▶ [GIVEN ENTRIES]
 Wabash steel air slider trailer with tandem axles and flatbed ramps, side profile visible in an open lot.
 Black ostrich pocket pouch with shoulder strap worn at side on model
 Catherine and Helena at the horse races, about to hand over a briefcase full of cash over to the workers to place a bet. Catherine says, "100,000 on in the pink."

==

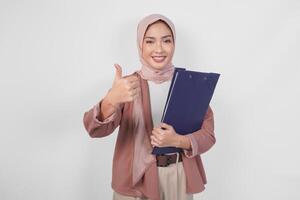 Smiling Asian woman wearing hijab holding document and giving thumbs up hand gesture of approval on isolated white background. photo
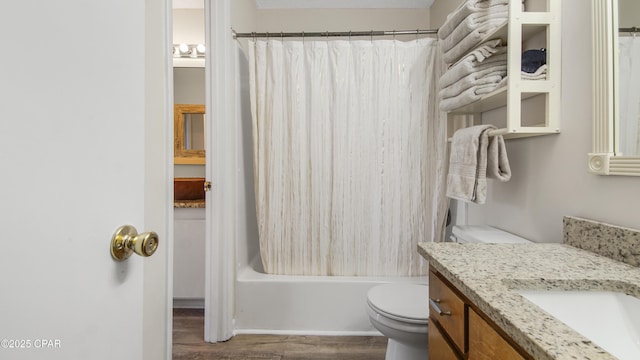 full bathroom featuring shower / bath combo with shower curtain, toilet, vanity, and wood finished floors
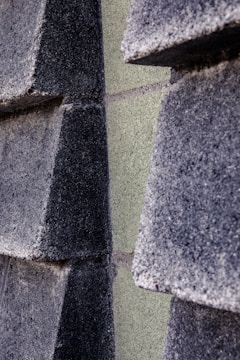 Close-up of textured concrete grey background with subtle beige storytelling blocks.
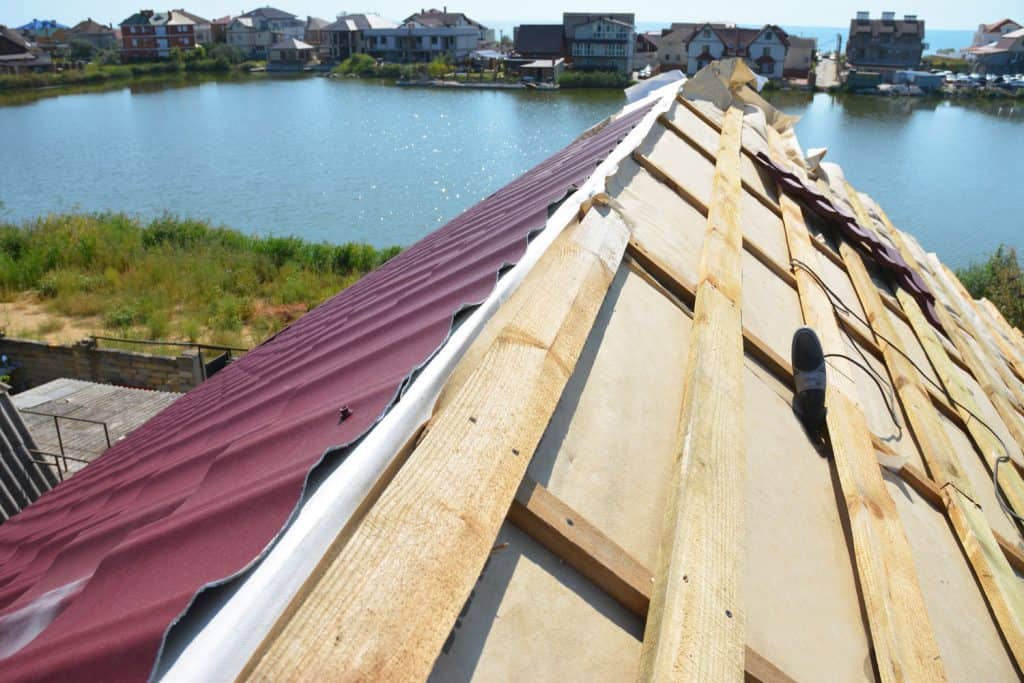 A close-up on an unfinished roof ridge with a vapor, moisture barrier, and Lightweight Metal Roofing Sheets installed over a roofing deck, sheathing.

▶ [TASK DIRECTIONS] Above are some lines. Repeat exactly, and only, those from the line that has "Wabash steel air" through the line that has "Catherine and Helena".

▶ [RESPONSE TO THIS EXERCISE]
 Wabash steel air slider trailer with tandem axles and flatbed ramps, side profile visible in an open lot.
 Black ostrich pocket pouch with shoulder strap worn at side on model
 Catherine and Helena at the horse races, about to hand over a briefcase full of cash over to the workers to place a bet. Catherine says, "100,000 on in the pink."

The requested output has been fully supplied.